I have never observed or noticed such thing in PX, but in server jobs i noticed it many times...

Code: Select all

     hash File (having 500 records)
                      |
                     10
                      |
seq---1000--> transformer ---> o/p

In above design of server job, the hash file had 500 recs but the link count 10 meant number of records from hash file finding a match with the seq file record.

ray.wurlod · Post by **ray.wurlod** » Wed Nov 08, 2006 4:15 pm

Are the sampling characteristics set identically?

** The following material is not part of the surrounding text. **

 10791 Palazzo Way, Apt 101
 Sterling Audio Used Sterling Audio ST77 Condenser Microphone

abc123 · Post by **abc123** » Wed Nov 08, 2006 4:45 pm

The number of rows going from the Copy To Sample shows 100.
Here are the Sample stage properties:

Max Rows (Per Partition) = 10
Period (Per Partition) = 1
Sample Mode = Period

ray.wurlod · Post by **ray.wurlod** » Wed Nov 08, 2006 5:13 pm

Max rows per partition = 10 means 20 rows on two partitions.

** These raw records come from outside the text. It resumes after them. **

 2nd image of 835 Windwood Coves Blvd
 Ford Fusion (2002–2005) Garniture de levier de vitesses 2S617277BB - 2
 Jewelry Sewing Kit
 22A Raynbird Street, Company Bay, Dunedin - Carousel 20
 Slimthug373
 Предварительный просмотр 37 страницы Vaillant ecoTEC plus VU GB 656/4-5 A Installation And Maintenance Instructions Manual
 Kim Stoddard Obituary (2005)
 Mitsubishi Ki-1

It's your design - specifically this property - that is limiting the number of rows output from the stage.

You have taken a sample!

tagnihotri · Post by **tagnihotri** » Thu Nov 09, 2006 7:54 am

Is the partitioning right ?

ray.wurlod wrote:Max rows per partition = 10 means 20 rows on two partitions.

It's your design - specifically this property - that is limiting the number of rows output from the stage.

You have taken a sample! ...

splayer · Post by **splayer** » Thu Nov 09, 2006 9:04 am

ray, thank you for your response. I still don't understand why the number of rows coming in to the sample stage varies. I can understand going out might be different because of setting on the Sample stage. The Copy stage has a partitioning set to Auto.